I recently discovered Mamba and SSMs because my professor suggested I explore them. For context, I’m a master’s student who has just started my research journey. Initially, I wanted to focus on transformer language models, like many of my classmates. However, someone mentioned that this might lead me to pursue a topic that hasn’t been explored yet, making my research more challenging than necessary and possibly resulting in mediocre outcomes. What are your thoughts on this? Thank you.
Mamba is essentially a combination of SSM and transformer technologies.
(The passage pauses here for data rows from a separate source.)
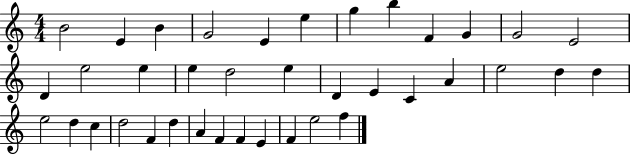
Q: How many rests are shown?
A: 0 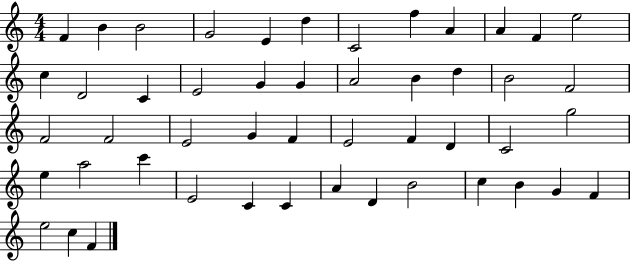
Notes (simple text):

F4/q B4/q B4/h G4/h E4/q D5/q C4/h F5/q A4/q A4/q F4/q E5/h C5/q D4/h C4/q E4/h G4/q G4/q A4/h B4/q D5/q B4/h F4/h F4/h F4/h E4/h G4/q F4/q E4/h F4/q D4/q C4/h G5/h E5/q A5/h C6/q E4/h C4/q C4/q A4/q D4/q B4/h C5/q B4/q G4/q F4/q E5/h C5/q F4/q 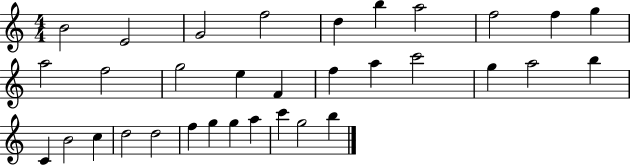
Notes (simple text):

B4/h E4/h G4/h F5/h D5/q B5/q A5/h F5/h F5/q G5/q A5/h F5/h G5/h E5/q F4/q F5/q A5/q C6/h G5/q A5/h B5/q C4/q B4/h C5/q D5/h D5/h F5/q G5/q G5/q A5/q C6/q G5/h B5/q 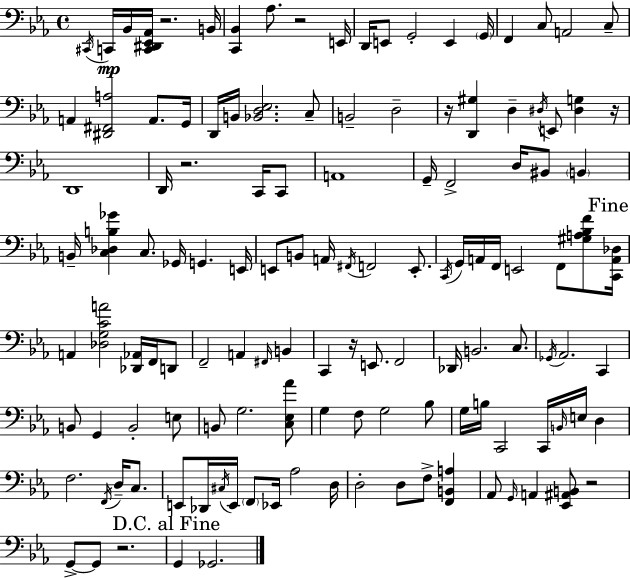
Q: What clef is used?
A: bass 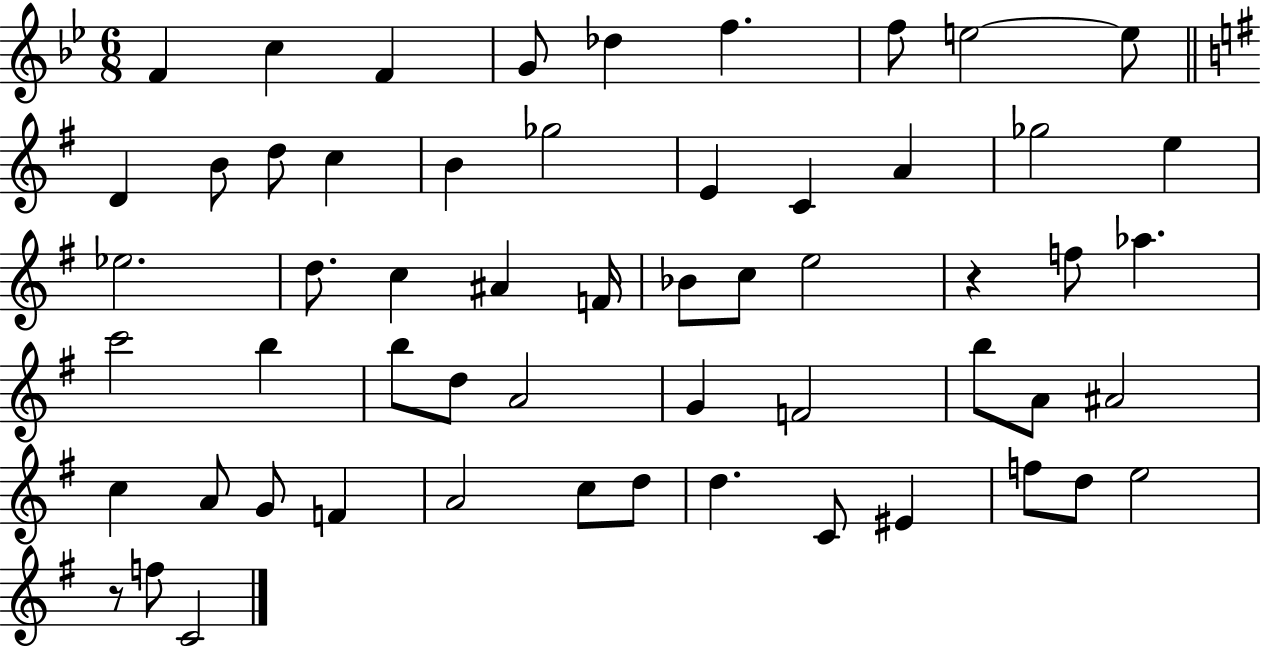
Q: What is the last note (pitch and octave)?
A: C4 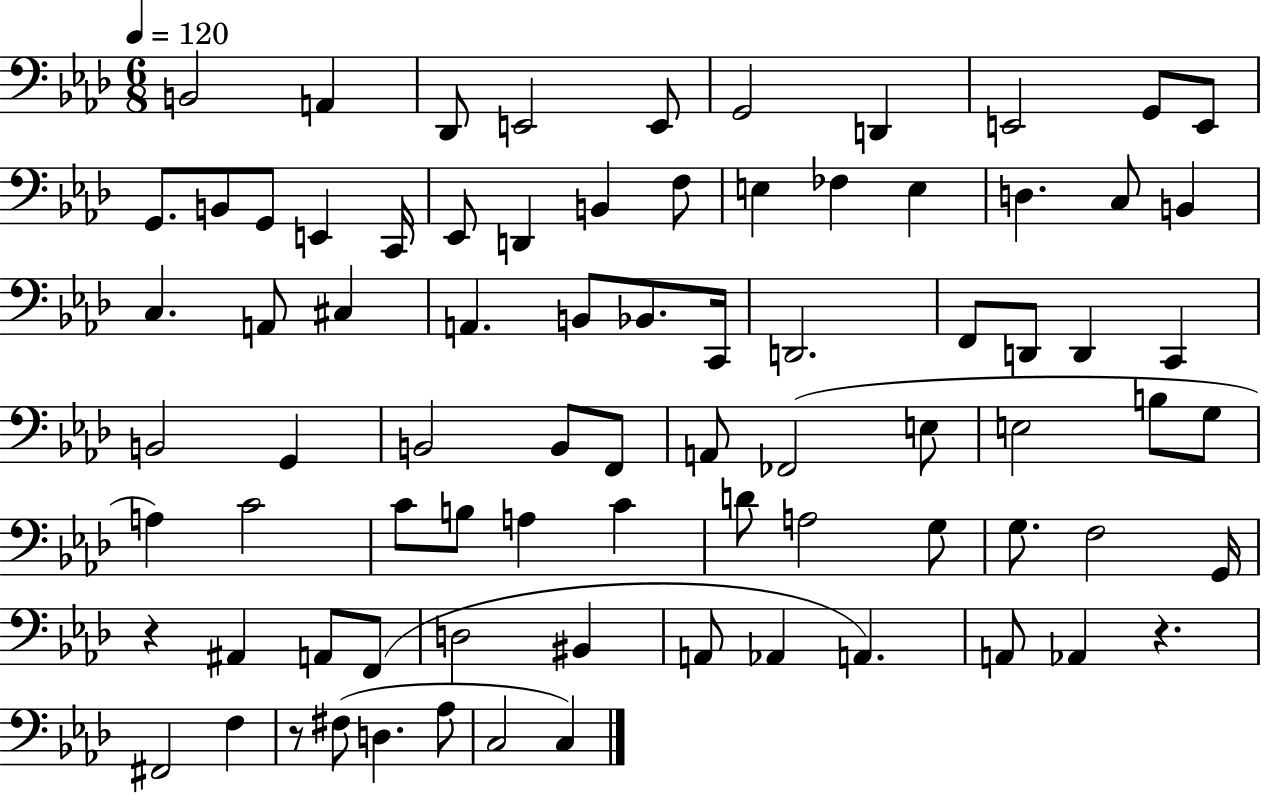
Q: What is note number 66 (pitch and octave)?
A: A2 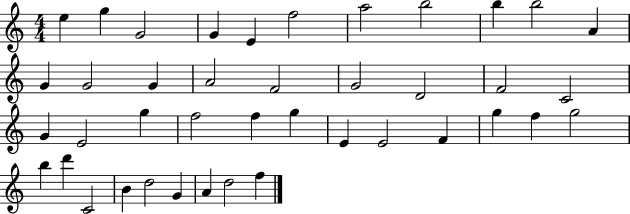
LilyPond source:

{
  \clef treble
  \numericTimeSignature
  \time 4/4
  \key c \major
  e''4 g''4 g'2 | g'4 e'4 f''2 | a''2 b''2 | b''4 b''2 a'4 | \break g'4 g'2 g'4 | a'2 f'2 | g'2 d'2 | f'2 c'2 | \break g'4 e'2 g''4 | f''2 f''4 g''4 | e'4 e'2 f'4 | g''4 f''4 g''2 | \break b''4 d'''4 c'2 | b'4 d''2 g'4 | a'4 d''2 f''4 | \bar "|."
} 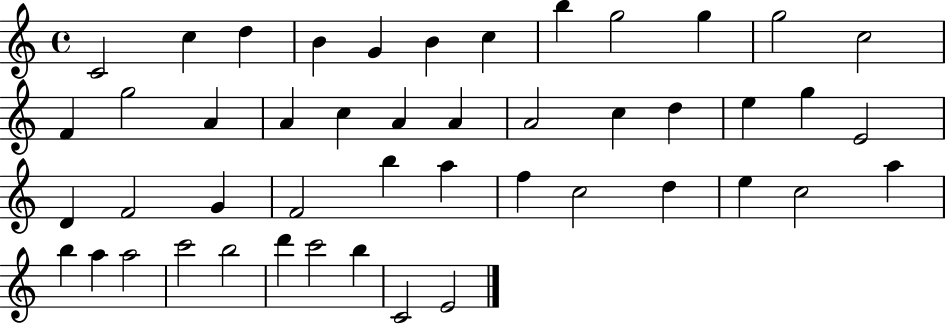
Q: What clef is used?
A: treble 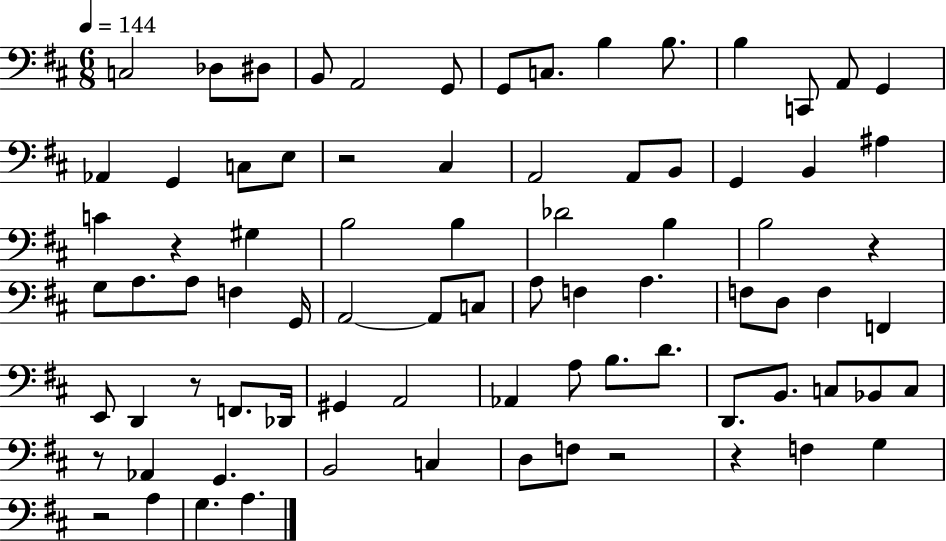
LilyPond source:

{
  \clef bass
  \numericTimeSignature
  \time 6/8
  \key d \major
  \tempo 4 = 144
  c2 des8 dis8 | b,8 a,2 g,8 | g,8 c8. b4 b8. | b4 c,8 a,8 g,4 | \break aes,4 g,4 c8 e8 | r2 cis4 | a,2 a,8 b,8 | g,4 b,4 ais4 | \break c'4 r4 gis4 | b2 b4 | des'2 b4 | b2 r4 | \break g8 a8. a8 f4 g,16 | a,2~~ a,8 c8 | a8 f4 a4. | f8 d8 f4 f,4 | \break e,8 d,4 r8 f,8. des,16 | gis,4 a,2 | aes,4 a8 b8. d'8. | d,8. b,8. c8 bes,8 c8 | \break r8 aes,4 g,4. | b,2 c4 | d8 f8 r2 | r4 f4 g4 | \break r2 a4 | g4. a4. | \bar "|."
} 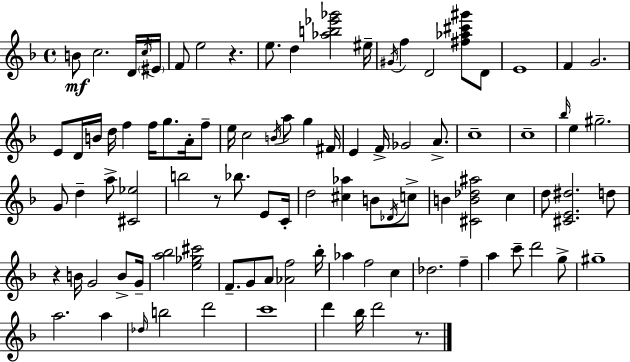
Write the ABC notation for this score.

X:1
T:Untitled
M:4/4
L:1/4
K:Dm
B/2 c2 D/4 c/4 ^E/4 F/2 e2 z e/2 d [_ab_e'_g']2 ^e/4 ^G/4 f D2 [^f_a^c'^g']/2 D/2 E4 F G2 E/2 D/4 B/4 d/4 f f/4 g/2 A/4 f/2 e/4 c2 B/4 a/2 g ^F/4 E F/4 _G2 A/2 c4 c4 _b/4 e ^g2 G/2 d a/2 [^C_e]2 b2 z/2 _b/2 E/2 C/4 d2 [^c_a] B/2 _D/4 c/2 B [^CB_d^a]2 c d/2 [^CE^d]2 d/2 z B/4 G2 B/2 G/4 [a_b]2 [e_g^c']2 F/2 G/2 A/2 [_Af]2 _b/4 _a f2 c _d2 f a c'/2 d'2 g/2 ^g4 a2 a _d/4 b2 d'2 c'4 d' _b/4 d'2 z/2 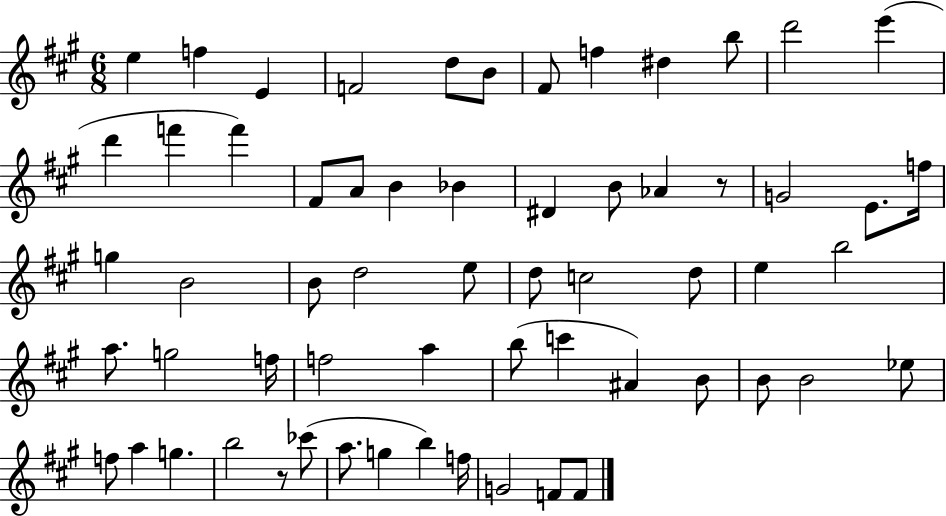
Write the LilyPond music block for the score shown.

{
  \clef treble
  \numericTimeSignature
  \time 6/8
  \key a \major
  e''4 f''4 e'4 | f'2 d''8 b'8 | fis'8 f''4 dis''4 b''8 | d'''2 e'''4( | \break d'''4 f'''4 f'''4) | fis'8 a'8 b'4 bes'4 | dis'4 b'8 aes'4 r8 | g'2 e'8. f''16 | \break g''4 b'2 | b'8 d''2 e''8 | d''8 c''2 d''8 | e''4 b''2 | \break a''8. g''2 f''16 | f''2 a''4 | b''8( c'''4 ais'4) b'8 | b'8 b'2 ees''8 | \break f''8 a''4 g''4. | b''2 r8 ces'''8( | a''8. g''4 b''4) f''16 | g'2 f'8 f'8 | \break \bar "|."
} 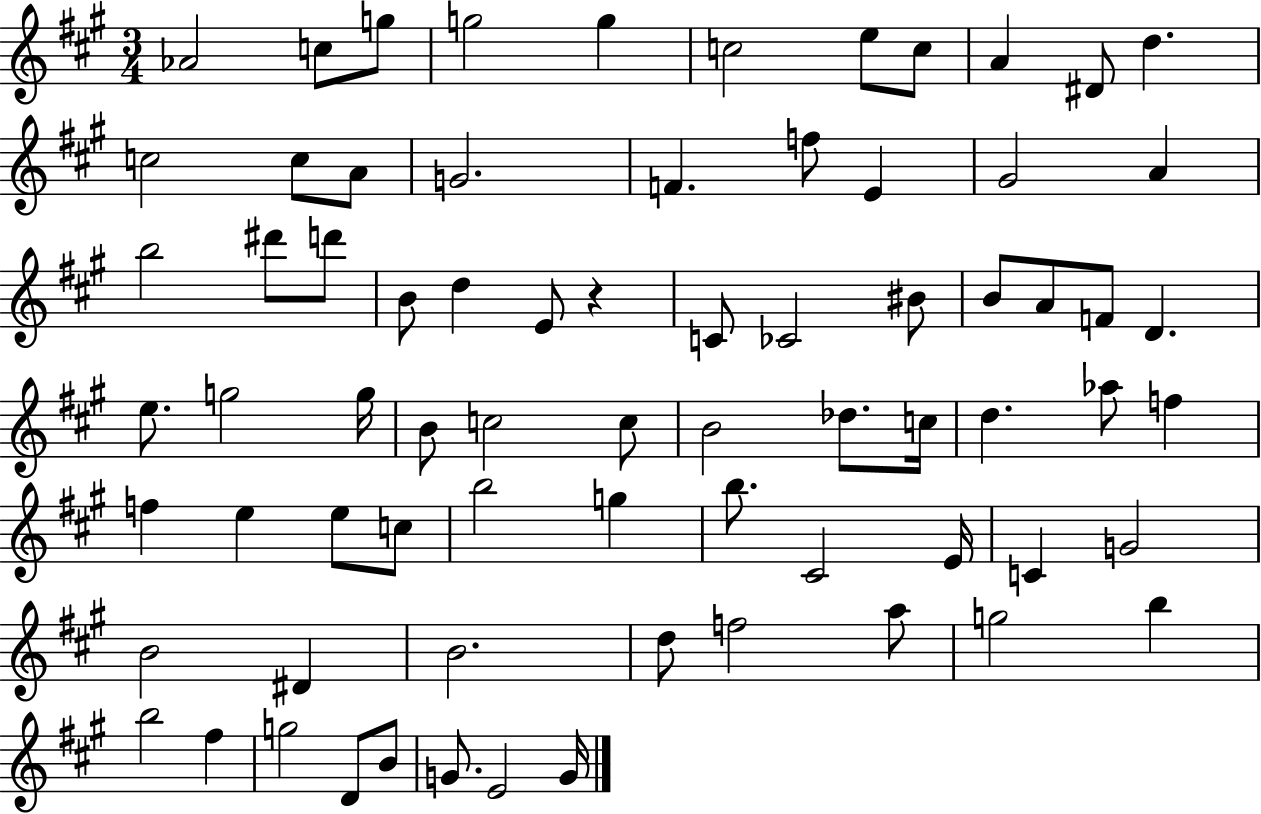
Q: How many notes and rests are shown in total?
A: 73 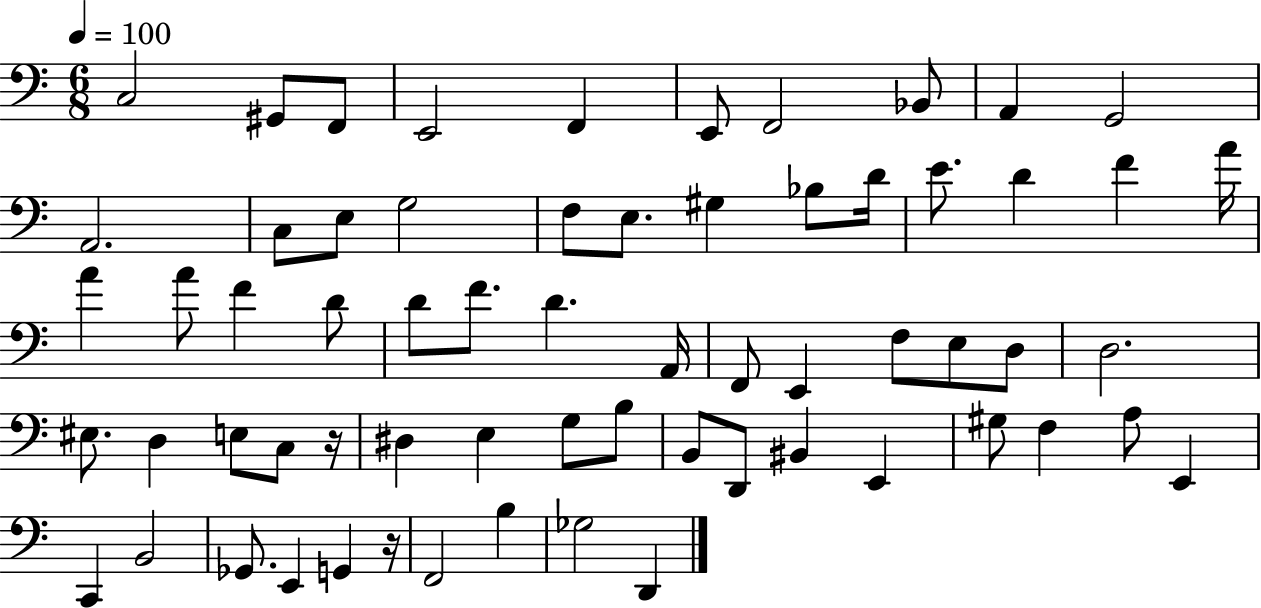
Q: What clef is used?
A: bass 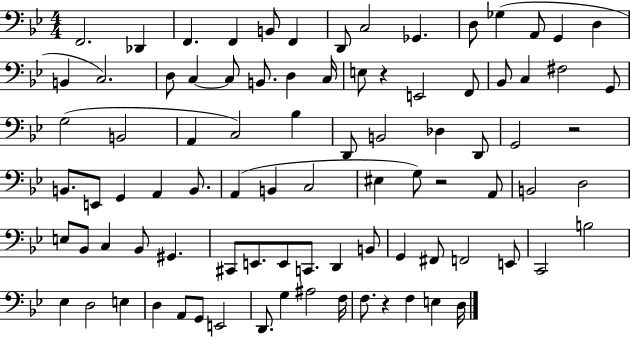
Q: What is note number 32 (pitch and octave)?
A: A2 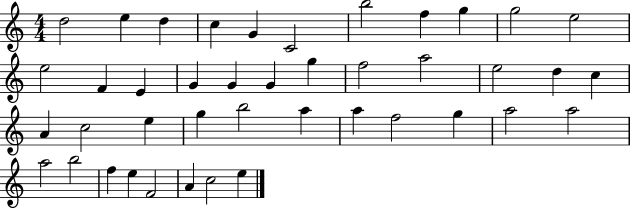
{
  \clef treble
  \numericTimeSignature
  \time 4/4
  \key c \major
  d''2 e''4 d''4 | c''4 g'4 c'2 | b''2 f''4 g''4 | g''2 e''2 | \break e''2 f'4 e'4 | g'4 g'4 g'4 g''4 | f''2 a''2 | e''2 d''4 c''4 | \break a'4 c''2 e''4 | g''4 b''2 a''4 | a''4 f''2 g''4 | a''2 a''2 | \break a''2 b''2 | f''4 e''4 f'2 | a'4 c''2 e''4 | \bar "|."
} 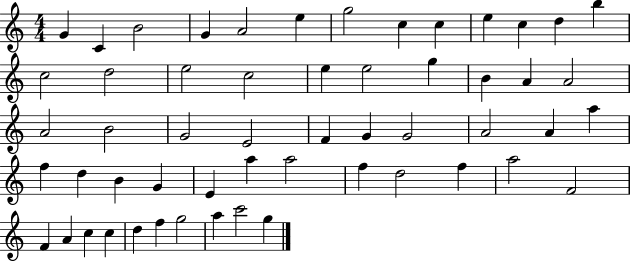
{
  \clef treble
  \numericTimeSignature
  \time 4/4
  \key c \major
  g'4 c'4 b'2 | g'4 a'2 e''4 | g''2 c''4 c''4 | e''4 c''4 d''4 b''4 | \break c''2 d''2 | e''2 c''2 | e''4 e''2 g''4 | b'4 a'4 a'2 | \break a'2 b'2 | g'2 e'2 | f'4 g'4 g'2 | a'2 a'4 a''4 | \break f''4 d''4 b'4 g'4 | e'4 a''4 a''2 | f''4 d''2 f''4 | a''2 f'2 | \break f'4 a'4 c''4 c''4 | d''4 f''4 g''2 | a''4 c'''2 g''4 | \bar "|."
}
Many private labs are experimenting with it; for instance, Mistral has developed a model based on it.
If you have a solid understanding of transformers and other models, it could be beneficial depending on your career goals.
I also believe xLSTM is worth exploring.
From a purely academic standpoint, transformer language model research is something that almost everyone is currently engaged in. The chances of you creating something unique and advancing the field of transformers are statistically much lower than if you focus on a more niche area.
If your goal is to enter the industry within 1-2 years, pursuing transformer language models is a good choice. I believe your professor sees you as a curious and creative individual and thinks you would benefit from gaining a more mathematical perspective.
Tri Dao, who co-created the Mamba models, has a detailed step-by-step breakdown of the concept, architecture, proofs, and more on his website. He also developed FlashAttention for transformers and believes that SSMs, or some form of recurrent models, are more likely to lead to the next significant advancement in language model performance.
If you enjoy research and are considering pursuing a PhD, studying this subject could be worthwhile. I believe it remains a relatively unexplored but highly active research area. If you’re concerned about the theory behind SSMs (like HiPPO, etc.), I recommend starting with Linear Attention. The paper “Transformers are RNNs” presents attention as an infinite-dimensional recursion that can be approximated by a finite-dimensional version. Recent proposals for SSMs and Linear RNNs build on this concept.
From there, you could explore “Gated Linear Attention” and “Parallelizing Linear Transformers with the DeltaRule over Sequence Length,” which also build on this idea. Gated Linear Attention is very similar to Mamba/Mamba2. All of this work avoids SSM theory, but I believe that for “selective” models like Mamba applied to language modeling, this theory may not be as crucial.
Most of the time research is about trying new things that prolly won’t work out.
Transformers are old news. Mamba and ss architectures are new. Your pi is right to push you there
There’s always opportunities and risks when new subject comes in.